Ama yeni anayasa zemini,öngörüsüz CHP Genel Başkanıkatkıları atıldı.İşine yarayan fırsatları çok iyi kollayan;Sevsekte, sevmesekte çok iyi toplum mühendisliği yapan, gollük pası çok iyi değerlendirecek gibi görünen AKP iktidarı tarafından ufukta şekillendiriliyor.

Ne olmalı ne yapmalı bunu yasal yollardan engellemek için.

 

Bi umut,

CHP’de değişim.

Öngörülü yeni Genel Başkan;

TBMM’de oylamada referandum kararı alınmasını engellemek, sayısal açıdan pek olası görünmüyor.

İktidarın oltası,

TBMM’yi göl olarak görürsek iyi çalışacak görünüyor,

muhafazakâr yapay muhalefet milletvekilleri için.
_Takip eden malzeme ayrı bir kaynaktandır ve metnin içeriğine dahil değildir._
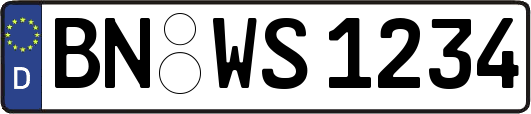 BN-WS1234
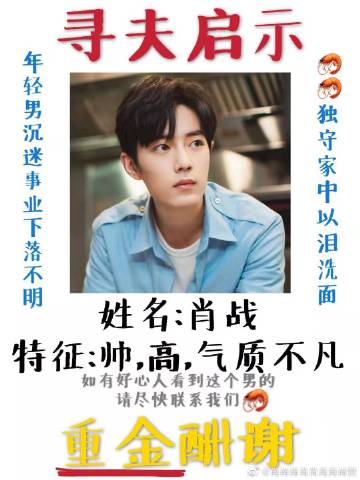 一肖一碼一一肖一子善，探尋命運密碼與智慧之光的完美結(jié)合，命運密碼與智慧之光，一肖一碼一一肖一子善的探尋
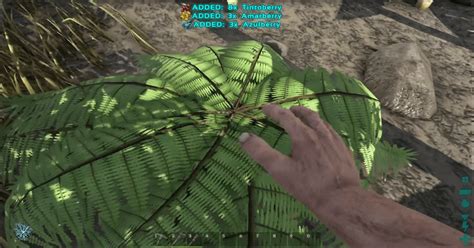 Ark Guide 的图像结果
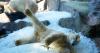 Prague zoo keeps polar bears cool with ice cubes as European summer heatwave hits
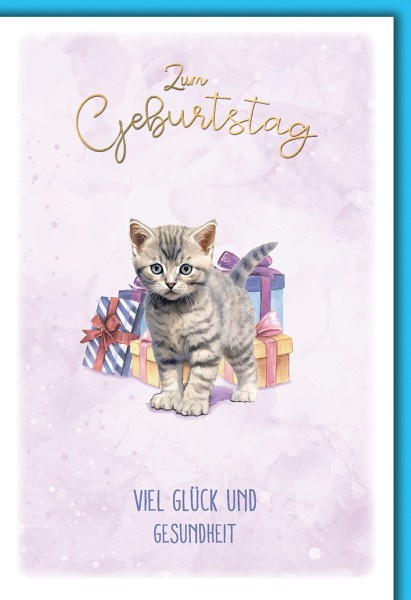 Geburtstag - Katze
İşte tam burada; Anayasa değişikliğinin halk oylamasına gittiğinde, bunu topluma;

Arka plansız, şeffaf, güvenilir yeni bir CHP üst yönetimi anlatabilir.

Başka tanımla, oltadaki muhafazakâryemin, denizde etkinliğini yitirmesi;

için halka gerçekleri, teklifin satır aralarını, gerçek amacını açıklayarak,

ülkenin bir adım daha geri gitmesinin önüne geçebilir.
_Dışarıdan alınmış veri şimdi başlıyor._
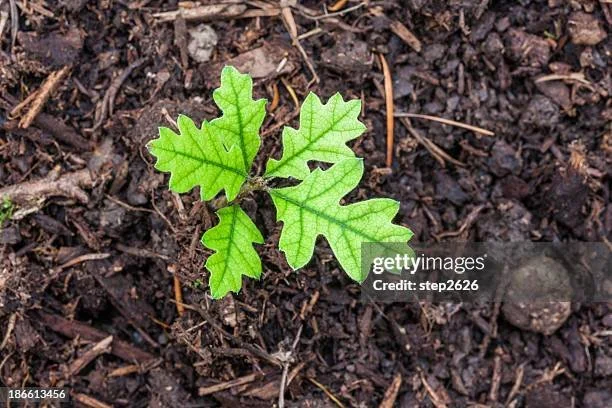 Small green seedling with jagged leaves growing in dark soil.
Bu, Ülkenin tüm sorunlarına çözümüne çare olmaz belki ama gidişatı durdurup,

yeni bir toplumsal yas, matem dönemine sokulmasına engel olur;üzerimize giydirilmeye çalışılan dar elbisenin önünü keser.

İlk aşama;

Ana muhalefet partisi kurultayı. Buradan değişim rüzgarını arkasına alarak;

İkinci aşama yerel seçim başarısı yakalamak.

Ülkenin insanları için,

Dahası, Umut olur.

Demokrasi yolunda…

Bakarsınız bunlardan sonra sıra üçüncü aşamaya;

İktidar seçimlerine gelir.

 

Değişim olmaz ise,

Toplum tünelin sonundaki ışığı da kaybetmiş olur.